Thumbelina

Jennifer Lorene Ritenour

My mother told me stories. She’d put me to bed, pull the blanket up to my chin, and turn off the light. I’d asked her, “Since I don’t have a dad, how was I born?” She’d tell me my spirit fell into a watermelon and then into its seed. I’d imagine everything cold, wet, and sugary around me, curled up like a shrimp and waiting to be born. “It’s where you got your black hair from,” she’d say. “It’s why your eyes are green. Why your cheeks are so pink.”

My mother found me at the grocery store. Near the onions, tomatoes, and peppers. She went to buy vegetables for a salsa dish for her friend’s birthday party, but when she walked up to the chilies, all in a pile, red and green, she felt the hot thirst come up in her throat. Her legs sweated and she felt grains of sand in her mouth. She looked around for the water that comes out to spray the vegetables. But then she saw a round, green, watermelon.

My mother had one of her funny feelings that if she drank the melon’s juice, she wouldn’t be thirsty anymore. She gripped it with two hands and cracked it onto her knee, and it split right down the middle. Two perfect halves. She cupped her hand to scoop at the insides of half the watermelon’s flesh and shoved it into her mouth. The juices ran down her chin to her breasts and pooled inside of her belly button and slowly dripped down her thighs and between her sandaled toes. It cleared her thirst, even though it was the sweetest thing she’d ever tasted. With every bite she wanted more. She picked up the other half of the watermelon and bit the insides, her cheeks slathered in chunks of fruit. When she was done, she licked each finger and the whole store stared at her and all the pink juices stained her white dress. She left, not knowing she had swallowed a small black seed that held my spirit which had then settled in at the bottom of her belly.

Every morning my mother noticed her belly get bigger and bigger and she looked at the sky and she stared at the clouds and while she used to see all kinds of things — dresses, flowers, and violins — now all she saw were watermelons. At first, when she couldn’t fit into her pair of jeans, she thought she was getting fat, so she tried to eat less.
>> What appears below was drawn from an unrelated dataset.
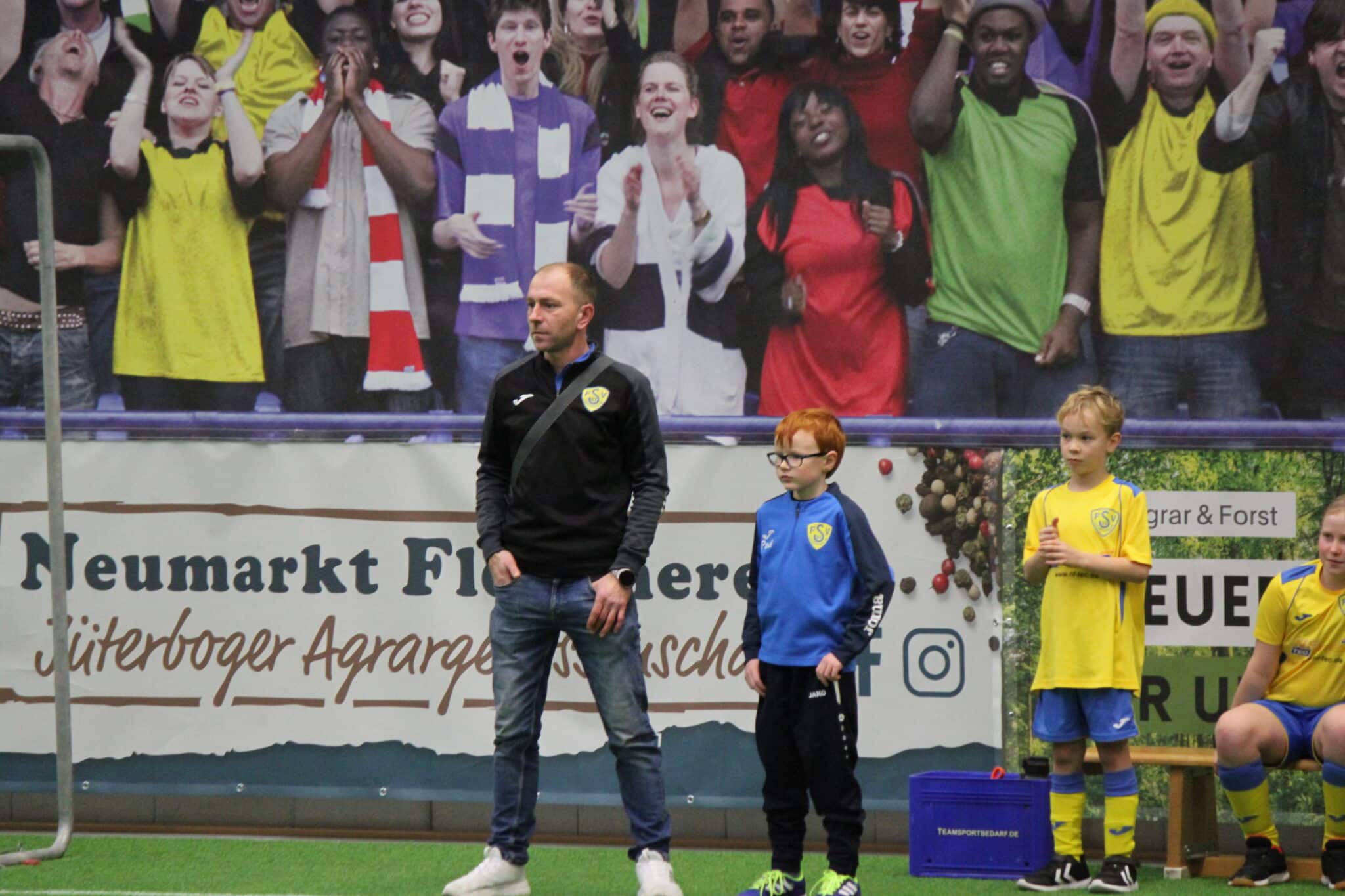 Turniersieg für die F1 des FSV 63 Luckenwalde – ein starker Sonntag für unser Team 29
But when her belly grew so big that she could only wear sundresses and her work scrubs, she realized something strange was happening to her.

My mother’s friends at work called her Earth Mother. She had gotten a job as an assistant at an obstetrician’s office. She was prepping a room for a patient when she felt a tight pain in her stomach. She leaned over, had to put her hand on the counter, but the pain was too much and she fell. She couldn’t scream. It hurt so bad she just lay there with her mouth open. No sound; just tears. The doctor found my mother on the floor, clutching her belly. He had the nurses carry her up onto the exam table.

The nurses helped my mother out of her scrubs and into a hospital gown. They noticed, poking out of her bellybutton, a thick green vine about five inches long with one leaf. The doctor didn’t know what to do; he just stared at it, so my mother howled, “Pull it out!” He grabbed the vine and pulled hard. My mother screamed with every tug he gave. After a time, the doctor yelled for the nurses to help and they all grabbed hold of the stem. They counted to three. They pulled and pulled. Slowly, the head of the watermelon emerged and my mother’s belly button stretched to the size of a salad plate. The juices in her sloshed and when the watermelon was finally released it made a POP sound. It was dark green and very round. The doctor passed the fruit to my mother. Her belly button shrank back, but was never the same, its shape turned into a pimento olive.

My mother kicked the doctor and the nurses out of the room. She rotated the watermelon in her palms and felt a pulse coming from inside of it. It was still slimy from her belly juices. When she put it up to her ear, she heard the thump of my heartbeat. She grabbed the scalpel on the tray next to her table and cut all around the melon, making sure not to go too deep. She broke the melon over her knee and palmed each half of the thing and gave it a twist, a sound like pulled apart Velcro. And there — instead of the juicy pink insides of the fruit — was a baby girl covered in sugar water.

My mother held me to her chest and named me Thumbelina, as I was as big as her thumb. The doctors kept me in the hospital, in an incubator, I lived warm like a chick for weeks. When I was finally human-baby size my mother brought me home and kept me right beside her bed in my own crib.

Years later, after my mother died, I found a photo of her and my dad shoved in the back of her dresser drawer. It was the only photo I ever saw of him. My parents, both in stone washed jeans and black high top shoes, had their arms around each other like they’d never let go. On the back of the photo someone had written: Like magic!

I looked nothing like her and everything like him, a stranger. Our eyes, the color of peridot. I stuck the photo inside a book to smooth out the creases over their faces. Pressing their memory like a flower, while I ate watermelon and spit out the black seeds.